Betty grew up in Beaver Falls in the same neighborhood as fellow Larry Bruno Foundation Inductee Joe Namath. She attended and graduated from Beaver Falls High School where she won Scholastic Awards in poetry, short story writing and visual art. While in Beaver Falls, she studied piano for 10 years, sang in youth choirs and was a Girl Scout through the senior level.
Professor Douglas’s collegiate preparation began with an Andrew Carnegie Scholarship to study painting and design in the College of Fine Arts at Carnegie Institute of Technology where she earned a Bachelor of Fine Arts degree. Her Master of Arts in the History of Art and Architecture came from the University of Pittsburgh. After a year on a factory assembly line after college, Ms. Douglas began her teaching career as an art instructor at Southern University, Baton Rouge, LA. After that she held positions as assistant and associate professor at LeMoyne College, Memphis, TV, Philander Smith, Little Rock, AR and Texas College, Tyler, TX. Then art director at nationally distributed SEPIA Magazine and special assistant to John Howard Griffin, whose investigative journalism led to the book, Black Like Me, that played a key role in the U.S. civil rights struggle.

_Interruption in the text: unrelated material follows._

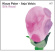 Klaus Paier & Asja Valcic - Silk Road Klaus Paier & Asja Valcic - Silk Road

In the early 1960s Professor Douglas returned to academia, accepting an appointment to the faculty of Geneva College, Beaver Falls, PA. She rose to a full professorship and was coordinator of the team-taught interdisciplinary humanities curriculum that celebrated its 50th anniversary in 2018. Even though now retired, she continues to rerun each semester for guest lecture stints.